Nesse cenário, não surpreende que, segundo um editorial do jornal O Estado de S. Paulo (19/05/2020), o mercado financeiro considere que uma eventual saída do ministro da Economia, Paulo Guedes, o “Posto Ipiranga”, em decorrência das turbulências que sacodem diuturnamente o governo do presidente Jair Bolsonaro, seja o maior risco para o País, em uma cínica identificação dos seus interesses exclusivistas com os do restante da Nação.
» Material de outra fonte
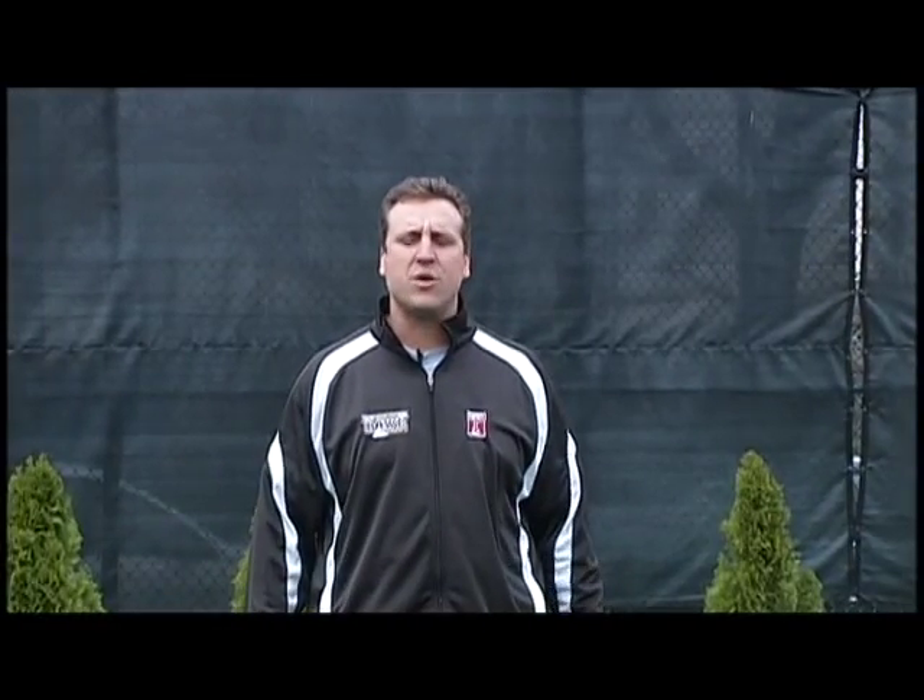Hi, I'm Mark D'Onofrio, Defensive Coordinator for the Temple Owls. Today, I'm going to share with you our practice plan of individual drills that allows the Owls to play championship defense.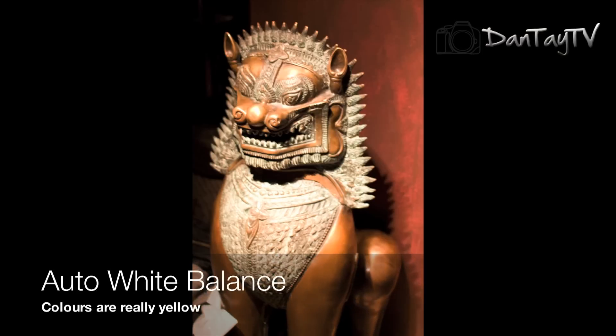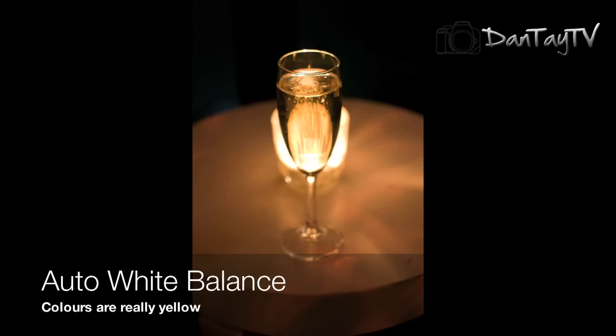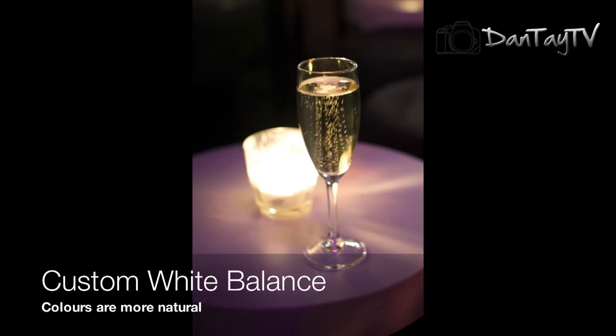Here are some photos I took when I went to a couple of bars trying out the white balance cap. It takes a bit of getting used to, but it works.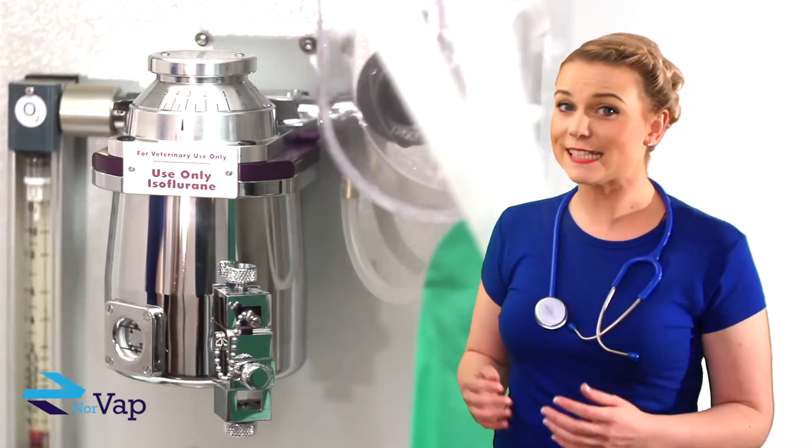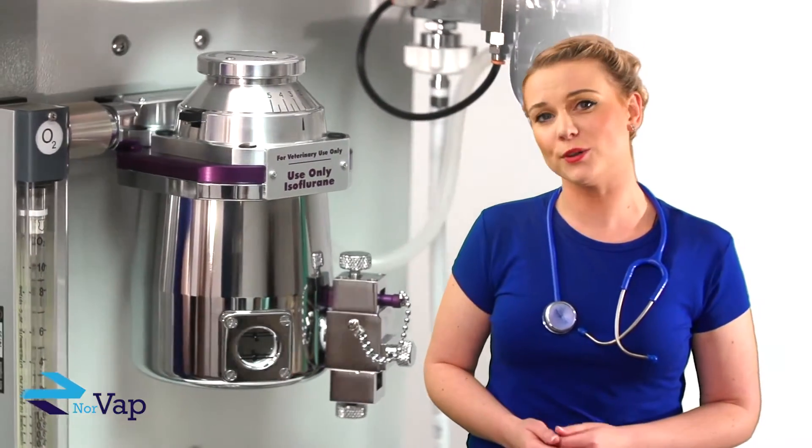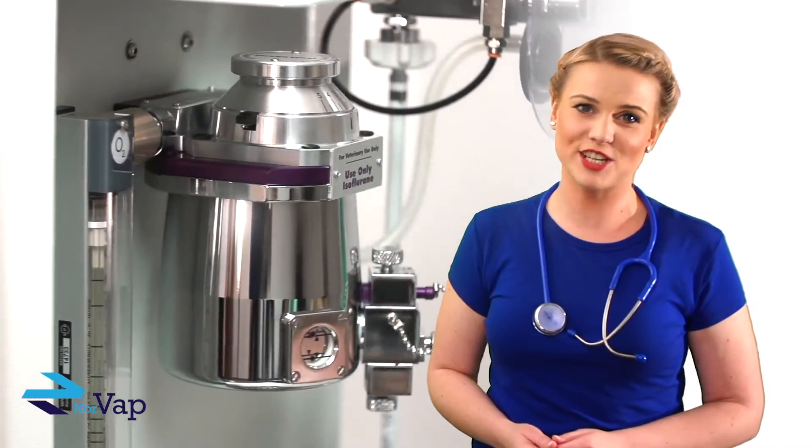The Orion 5 is made of lightweight aluminium, is anti-static, and is manufactured right here in the UK in our on-site CE certified machine shop.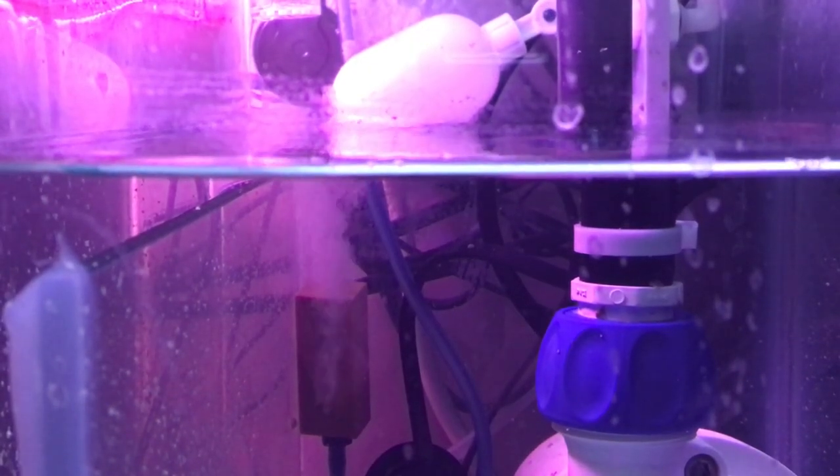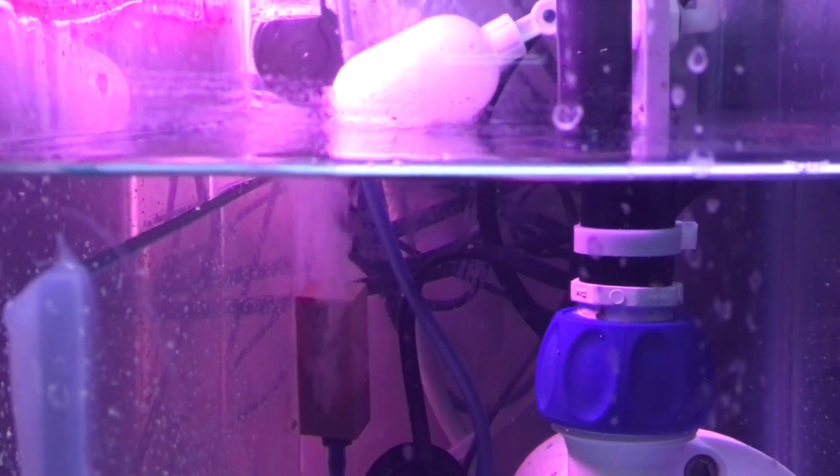Another thing you can do is use an air bubbler or a wooden airstone inside of your sump. This can create little micro bubbles inside your sump, injecting oxygen. You want to make sure that the air pump is outside of your stand, so you're pulling in fresh air into it.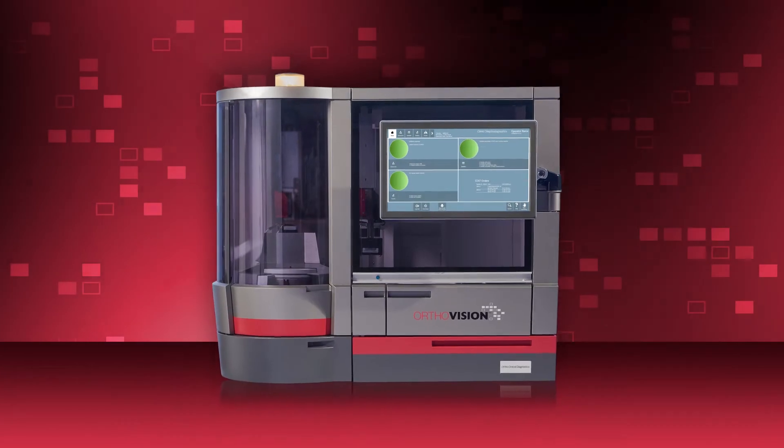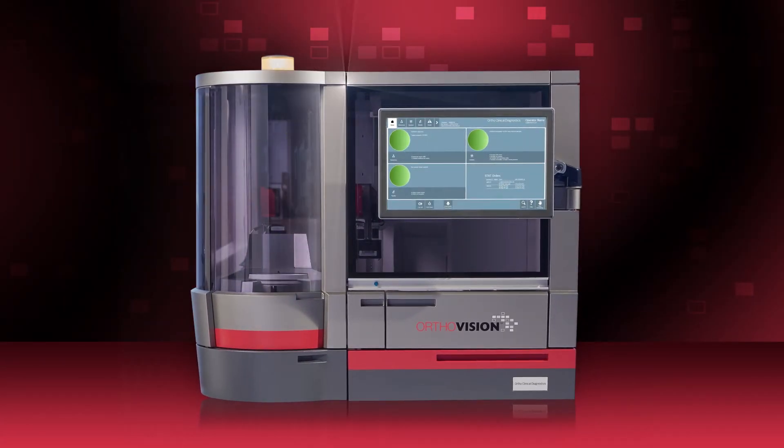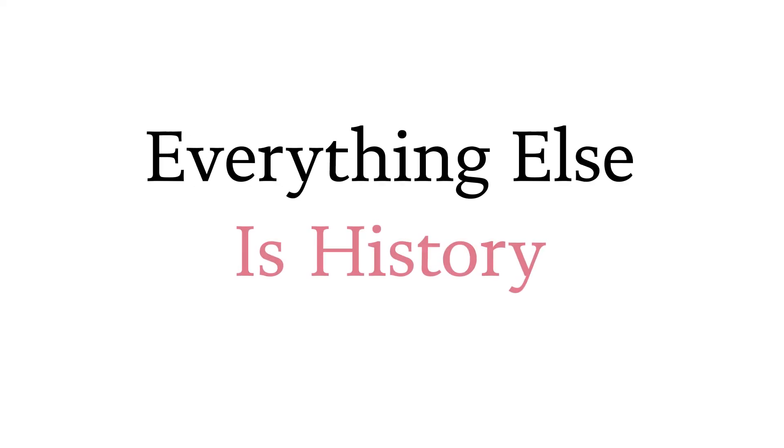The OrthoVision Analyzer — it's the future of automation in transfusion medicine and it will change the way you run your lab. Everything else is history.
Oriundo do mercado, Guedes tem marcado a sua gestão por uma sucessão de declarações intempestivas, nas quais ressalta uma filiação incondicional e intolerante ao credo rentista. Na notória reunião ministerial de 22 de abril, pregou aos berros a privatização imediata do Banco do Brasil, afirmando ser preciso “vender logo essa porra do BB”. Dias depois, apoplético diante da apresentação do Plano Pró-Brasil da Casa Civil da Presidência da República, para fomentar a recuperação pós-pandemia com investimentos públicos em infraestrutura – anátema para os “rentistas-mercadistas” –, comparou os proponentes do plano a “batedores de carteira” do governo.
Outra notícia reveladora do caráter do pitoresco “capitalismo sem risco” à brasileira – pelo menos, para os “sócios” dos grupos detentores do poder – é a de que o governo federal está articulando uma operação para permitir que o setor elétrico tenha acesso a empréstimos facilitados para enfrentar as perdas de receita decorrentes da pandemia. O pacote é estimado entre R$ 10-12 bilhões, mas, como de hábito, parte do custo será repassada aos consumidores, já afetados pela retração econômica.
O problema não reside na proteção às empresas, ainda mais em um setor estratégico como o de energia. Muitos países estão fazendo o mesmo, que é o correto. A questão é que por trás da medida está o insidioso paradigma que, a partir da década de 1990, tem convertido as empresas de infraestrutura física brasileiras em máquinas de geração de fluxos de caixa para os jogos especulativos da “globalização” financeira, em total detrimento das suas atividades-fim e dos interesses da sociedade aos quais deveriam servir. Consolidado no governo de Fernando Henrique Cardoso (1995-2002), com privatizações alavancadas com recursos públicos (em geral, do BNDES), reajustes tarifários assegurados acima da inflação e outras vantagens, esse paradigma neoliberal-globalista, apontado pelos seus beneficiários, associados e serviçais como o “único caminho” possível para as economias modernas, vê-se agora absolutamente desmoralizado sob o impacto da pandemia, que expôs às claras as suas múltiplas vulnerabilidades.
Salta aos olhos, e não só no Brasil, que o mundo pós-pandemia terá que encarar seriamente a tarefa de confrontar as estruturas de privilégios da “globalização” e do rentismo neoliberal, cujos principais resultados socioeconômicos têm sido aumentos da desigualdade e da exclusão dentro dos países e entre eles. Aqui, isto implica em uma retomada do protagonismo do Estado na orientação da economia e do estabelecimento de um rumo para o País, em sinergia com uma iniciativa privada mais voltada para as suas atividades-fim, em vez de para os “jogos de tesouraria” ou a mera sobrevivência em meio à selva de políticas econômicas desenhadas para privilegiar o setor financeiro. Em setores estratégicos como o energético, não só é imperativo que se detenha toda e qualquer tentativa de aprofundamento das privatizações, mas que o Estado recupere pelo menos parte do controle sobre eles.
Em quase todo o mundo, e com privilégios superlativos no Brasil, o setor financeiro tornou-se um parasita que suga as energias produtivas das economias e das sociedades. Na reconstrução pós-pandemia, será imprescindível retirar-lhe tais privilégios e forçá-lo a retornar à sua função precípua – abandonada desde há muito – de alimentar os setores produtivos da economia real.
Em essência, é mais que hora de se extirpar definitivamente essa craca neoliberal do casco do Estado nacional brasileiro, sem o que o cenário pós-pandemia tende a tornar-se um desastre ainda maior que o coronavírus.